節子もまた、私に同じことを思っていたはずです。
まさか外部から同じ言葉が送られるとは思ってもいませんでした。

夫婦とは、お互いにただいるだけで価値ある実在なのです。
その関係が、夫婦や家族だけではなく、まわりの人たちとの関係においても、そして無縁の人たちとの関係においても、広げられるならば、それほど幸せなことはないでしょう。

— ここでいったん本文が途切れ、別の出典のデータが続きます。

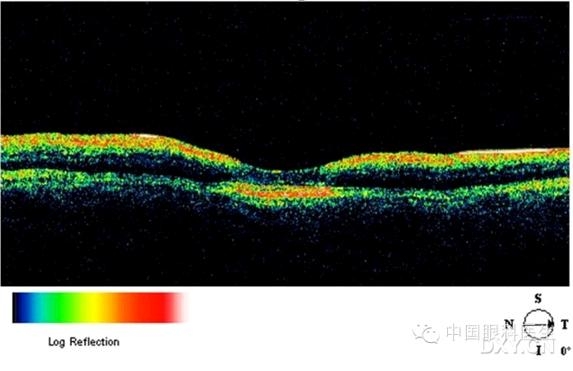 �ۿƾ���������ͬ����µ�OCT��ͼ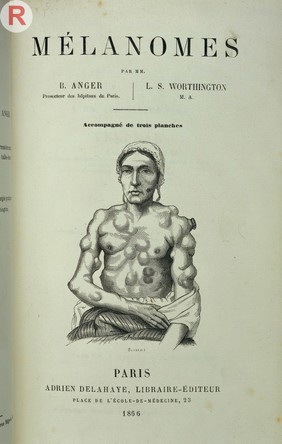 Frontispiece of Anger and Worthington's book titled Melanomes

そんな夫婦を目指したいと、私たちはどこかで共有していました。
しかし、その一歩を踏み出す前に、節子は「生きていること」をやめてしまいました。
その衝撃がいかほどのものか、彼にはわかったのかもしれません。
空の青さへの私の思いを分かってくれた人ですから。

私にとって、「ただ生きているだけで価値ある実在」だった節子はもういません。
それどころか、節子以外のそういう人たちが、最近、次々といなくなっています。
その寂しさは大きいです。
でも一人とはいえ、同時代を生きていることを喜んでくれている人が、節子のほかにもいたことはうれしいことです。
祝福された気分になります。
節子、私も少しはだれかの役に立っているのかもしれません。